There seems to be a general acceptance that today’s young people are a more unruly, criminal lot than ever before. The media feed us a constant stream of negative images: young people in hoodies lurking on street corners, ‘thugs’, ‘louts’ and ‘yobbos’ running amok in our communities.
We know this is an exaggerated picture, but it is hard not to be influenced. It can lead to knee-jerk political responses, such as slapping ASBOs on children as young as ten. It has almost certainly contributed to the eightfold rise in the use of custody for children aged 10-15 years that has occurred since 1990.
The reality is of course more complex than media images or political rhetoric suggest.
Children are far more likely to be the victims of crime than its perpetrators. They are responsible for just 12% of crime and youth crime has been falling since 1992. Yet we lock up more children than almost any other European country – four times as many as France – and our age of criminal responsibility is one of the lowest, at 10 years.

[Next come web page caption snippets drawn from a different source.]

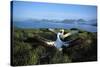 Wandering Albatross (Diomedea Exulans) Courtship Display-null-Stretched Canvas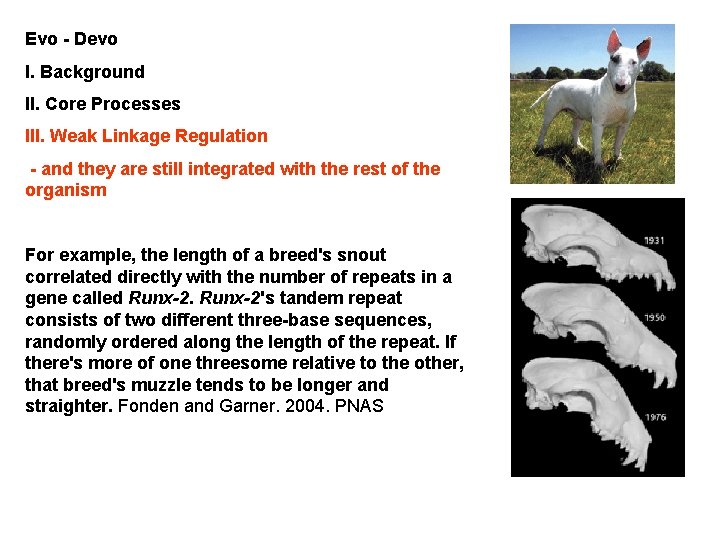 Evo - Devo I. Background II. Core Processes III. Weak Linkage Regulation - and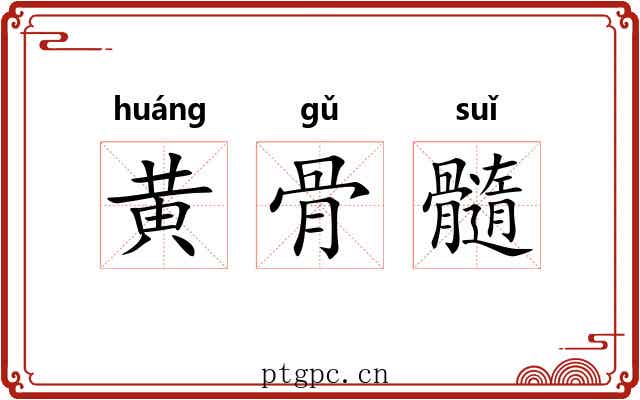 黄骨髓 黄骨髓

Set against the alarming stories of youth misdemeanours and crime, are a battery of positive statistics pumped out by the Government, about how young people are achieving better than ever before – gaining good exam results, continuing to university, driving growth in high skills sectors of the economy. We have only to look around us to observe the greater material wealth of the I-POD generation.
But this creates new pressures and a widening gap between the affluent majority and those who grow up in poverty. Nearly one in three children in the UK – 3.8 million – live in poverty. Despite significant investment by the Government, last year child poverty rates rose for the first time in six years. The likelihood of remaining in poverty for those born into poverty has actually increased.

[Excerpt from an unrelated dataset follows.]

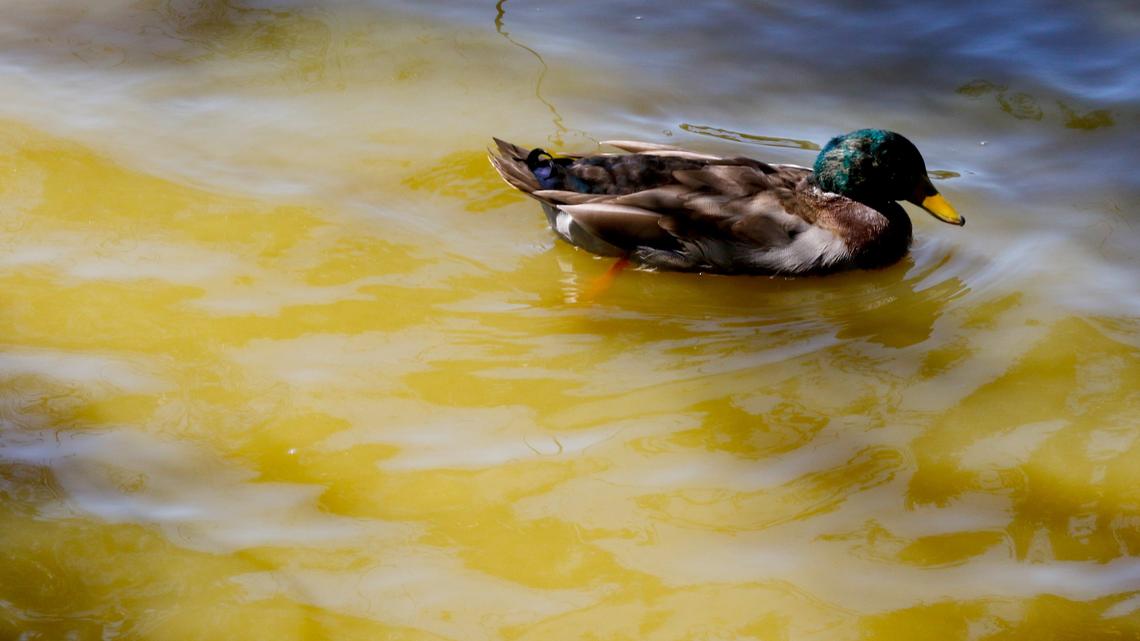 A mallard duck paddles in the murky water of Laguna Lake in San Luis Obispo. Toxic blue-green algae has been found in the lake and the city is warning people against coming in contact with it.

This matters hugely because poverty blights children’s life-chances. It goes hand-in-hand with a multitude of risk factors – family breakdown, neglect and abuse, poor housing, poor health, educational underachievement, truancy and exclusion and yes, crime.
Political and media discourse seldom tell the whole story. Children are portrayed either as innocent victims of their circumstances or, to use the disgraceful but popular stereotype, as ‘feral youth’. As Chief Executive of Barnardo’s and formerly Head of the Prison Service, I know that all too often those young children born into poverty and subjected to abuse or neglect grow up to be the delinquent teenagers we lock up in the secure estate.

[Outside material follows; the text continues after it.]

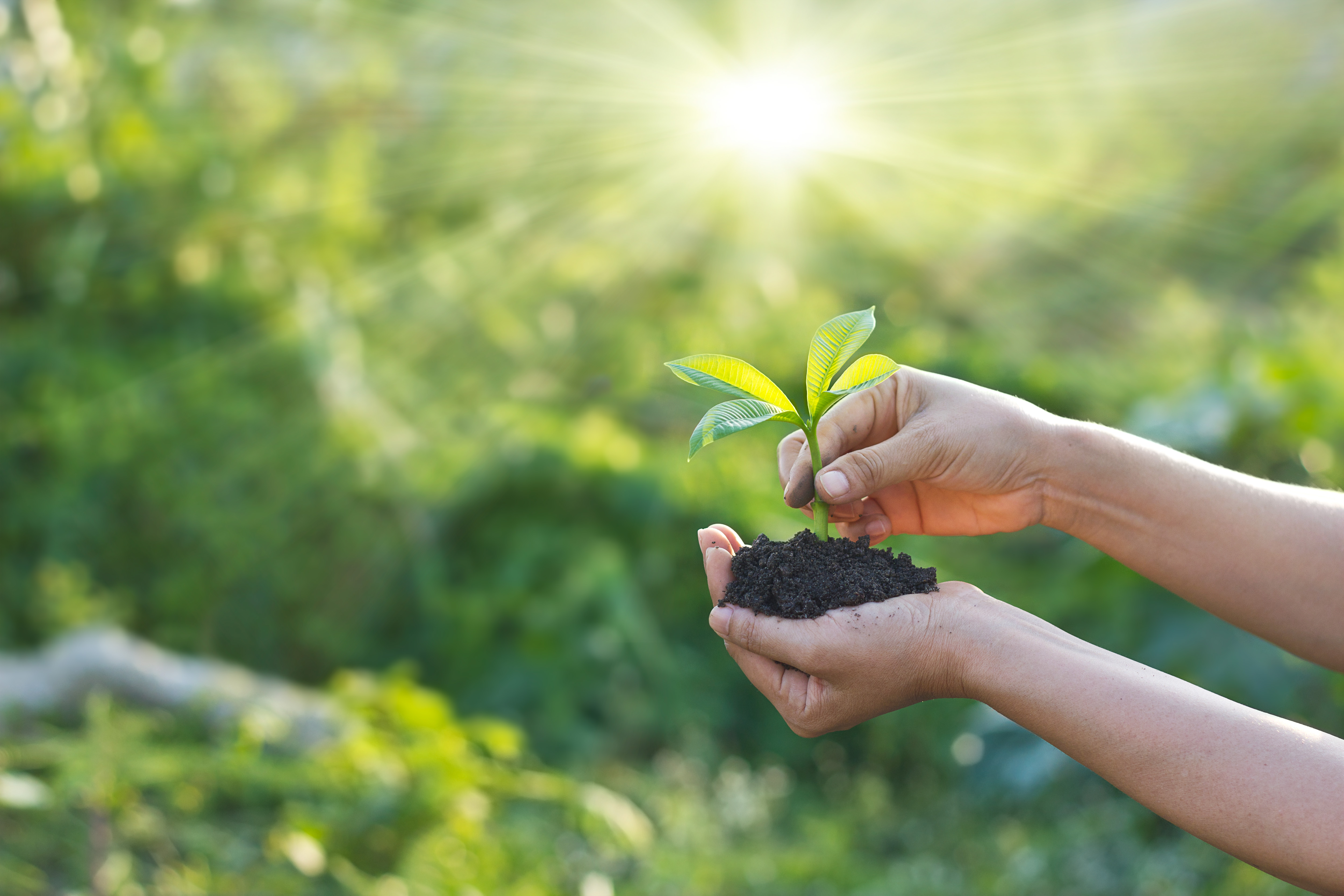  One person holding a small plant in soil in their hands with the sun shining down on it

Demonising children may make good copy (I have my doubts) but it does not make for good policy. So what is needed?
A concerted effort to end child poverty, reaching out to the most disadvantaged families.
Investment in early years and parenting support, building on the successes of Sure Start.
Intervening early when things go wrong, rather than waiting until crisis point is reached – for example, extending the holistic, preventive support offered by Youth Offending Teams, rather than issuing ever more ASBOs.
Most of all, we must never give up on a child. Even if a young person has to go to prison for committing a serious crime, we need to use that episode to get to the root of their difficulties and enable them to change their life for the better.
Children are our future. We can either support them to grow into responsible citizens and valued members of the community or we can reinforce their disadvantage by ridiculing them in the media, expelling them from school and locking them up – pushing them further to the margins, when they most need our help.
The choice is obvious. There is an urgent moral and economic case to invest in children now. Just as importantly, we need to start believing in them.